Required action: Starting at the line containing "40L Utility Duffel" and ending at the line containing "La Ca di Sass", print every line of the material below exactly, both ends included, and stop there.

*** Record excerpts ***

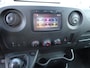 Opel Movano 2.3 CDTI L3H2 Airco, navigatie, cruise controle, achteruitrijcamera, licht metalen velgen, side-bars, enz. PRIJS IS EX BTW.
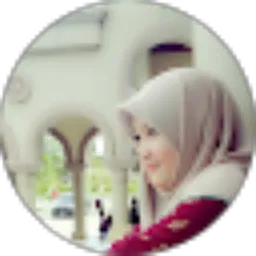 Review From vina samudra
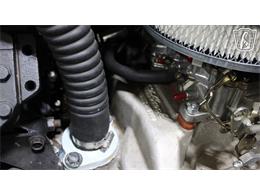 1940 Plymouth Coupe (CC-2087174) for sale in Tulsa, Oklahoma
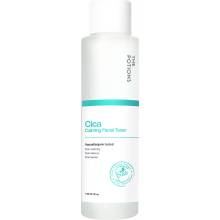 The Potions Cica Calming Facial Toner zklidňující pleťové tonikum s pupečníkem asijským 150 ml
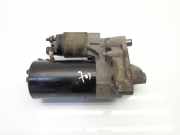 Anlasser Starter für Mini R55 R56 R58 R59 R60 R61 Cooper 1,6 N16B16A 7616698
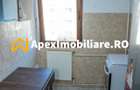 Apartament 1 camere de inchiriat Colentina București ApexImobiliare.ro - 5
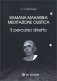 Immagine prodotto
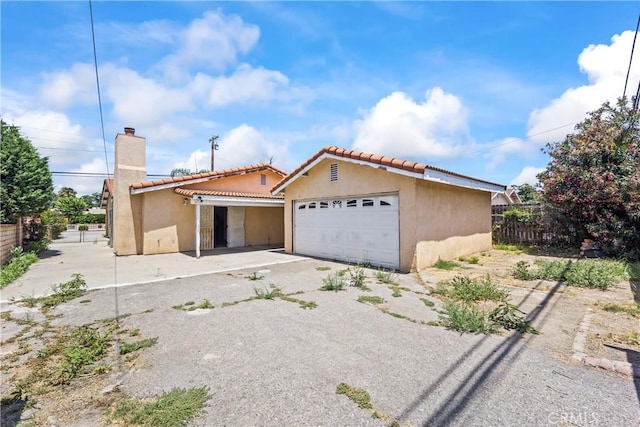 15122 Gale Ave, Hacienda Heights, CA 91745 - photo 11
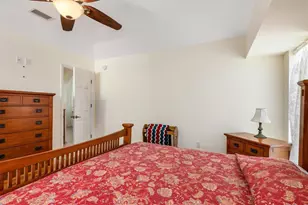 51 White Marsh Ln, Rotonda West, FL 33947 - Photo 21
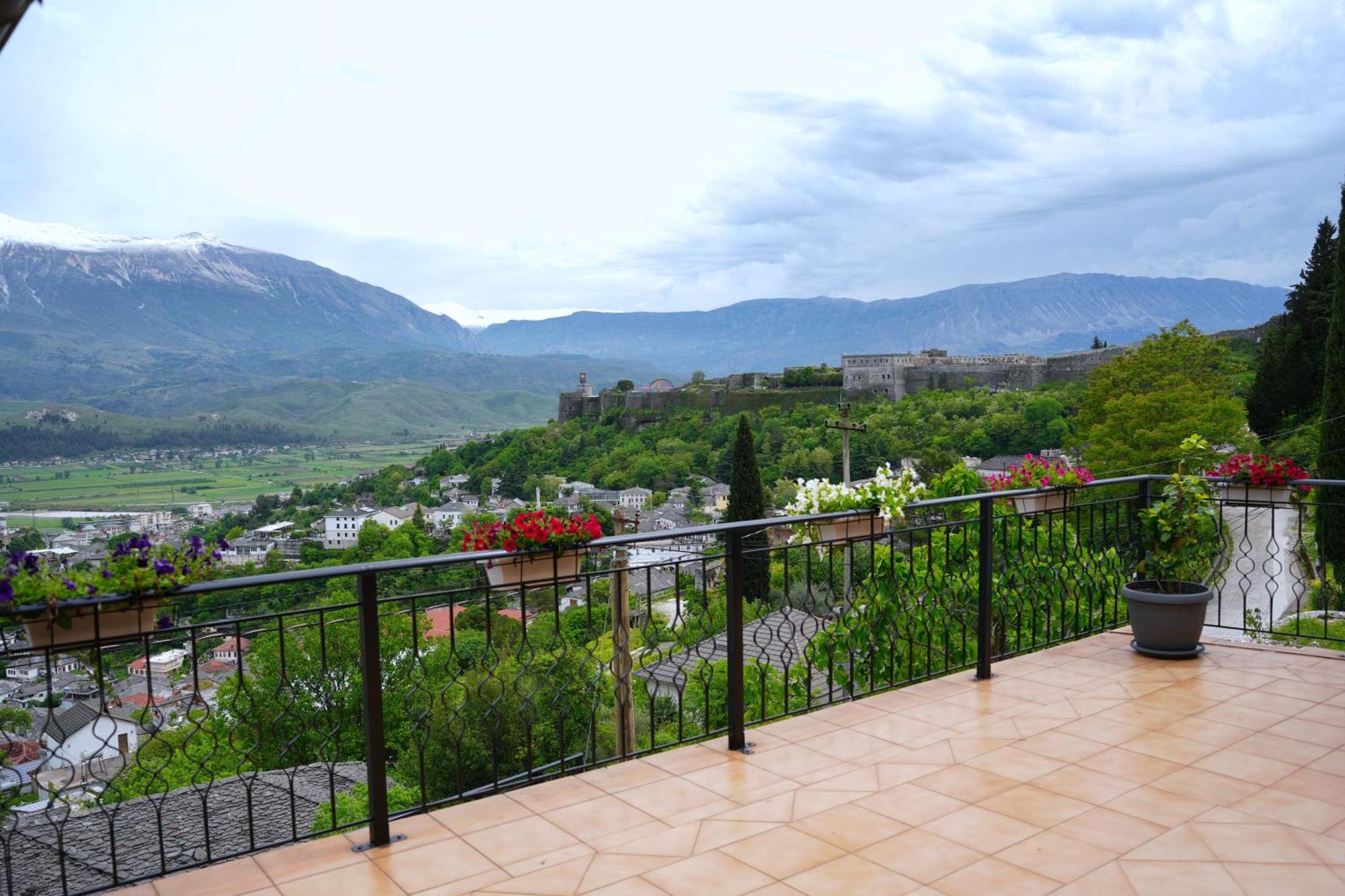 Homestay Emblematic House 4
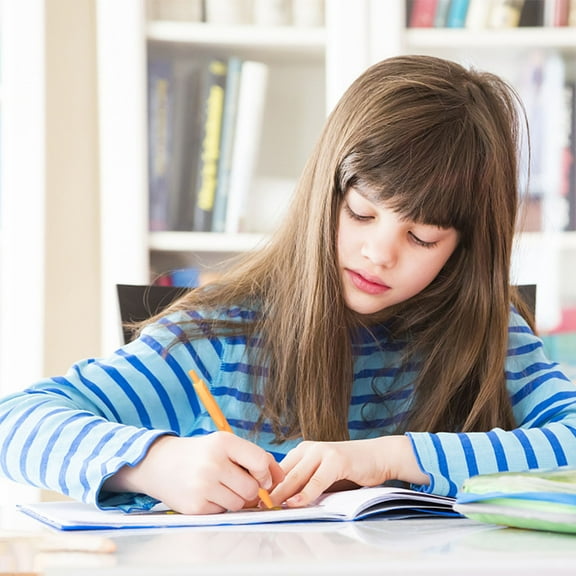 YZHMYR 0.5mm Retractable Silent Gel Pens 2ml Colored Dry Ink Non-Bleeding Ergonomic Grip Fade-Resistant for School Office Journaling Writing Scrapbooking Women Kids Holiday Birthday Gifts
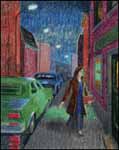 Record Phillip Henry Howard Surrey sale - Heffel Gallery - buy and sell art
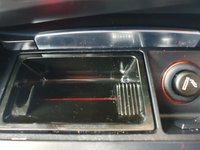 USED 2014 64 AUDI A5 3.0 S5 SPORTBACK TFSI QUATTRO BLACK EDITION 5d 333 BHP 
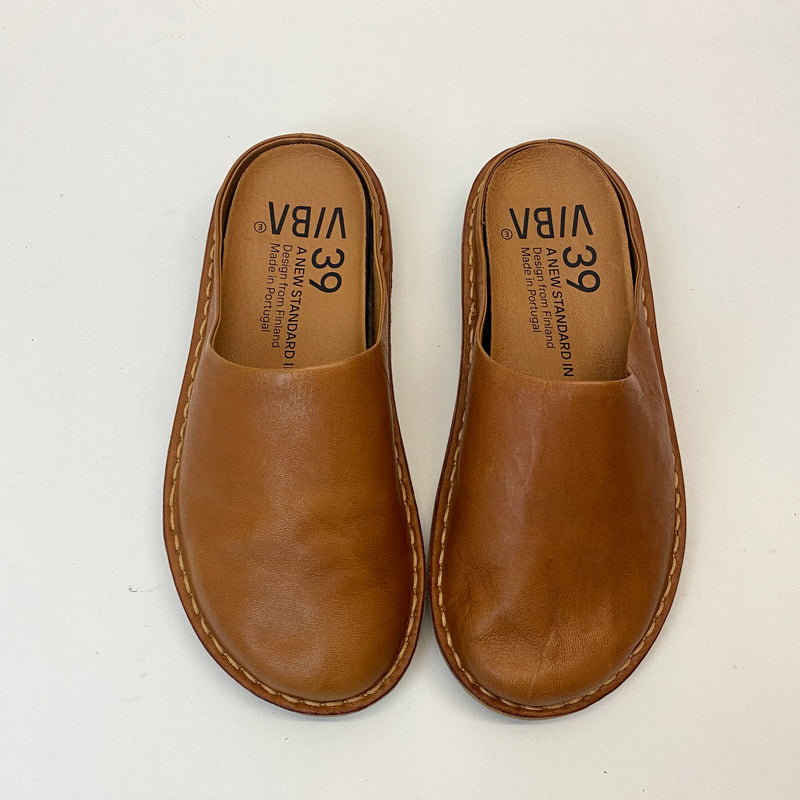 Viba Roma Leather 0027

*** End of Record excerpts ***
*** Record excerpts ***

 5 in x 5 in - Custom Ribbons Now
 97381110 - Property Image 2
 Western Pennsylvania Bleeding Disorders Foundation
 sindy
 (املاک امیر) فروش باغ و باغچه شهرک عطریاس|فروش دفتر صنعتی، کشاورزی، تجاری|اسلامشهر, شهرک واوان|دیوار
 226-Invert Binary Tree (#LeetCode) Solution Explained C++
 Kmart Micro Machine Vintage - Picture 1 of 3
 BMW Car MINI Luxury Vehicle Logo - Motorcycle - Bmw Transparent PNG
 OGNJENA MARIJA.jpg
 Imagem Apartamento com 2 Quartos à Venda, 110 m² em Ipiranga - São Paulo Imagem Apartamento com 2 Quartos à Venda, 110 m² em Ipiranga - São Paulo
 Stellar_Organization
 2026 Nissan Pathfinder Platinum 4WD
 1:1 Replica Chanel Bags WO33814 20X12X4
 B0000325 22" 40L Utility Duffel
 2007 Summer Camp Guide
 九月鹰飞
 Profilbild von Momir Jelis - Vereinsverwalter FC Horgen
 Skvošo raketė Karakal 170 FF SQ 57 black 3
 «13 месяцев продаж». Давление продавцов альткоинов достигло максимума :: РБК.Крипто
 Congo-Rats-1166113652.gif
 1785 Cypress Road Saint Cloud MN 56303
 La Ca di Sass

*** End of Record excerpts ***

The answer:
 B0000325 22" 40L Utility Duffel
 2007 Summer Camp Guide
 九月鹰飞
 Profilbild von Momir Jelis - Vereinsverwalter FC Horgen
 Skvošo raketė Karakal 170 FF SQ 57 black 3
 «13 месяцев продаж». Давление продавцов альткоинов достигло максимума :: РБК.Крипто
 Congo-Rats-1166113652.gif
 1785 Cypress Road Saint Cloud MN 56303
 La Ca di Sass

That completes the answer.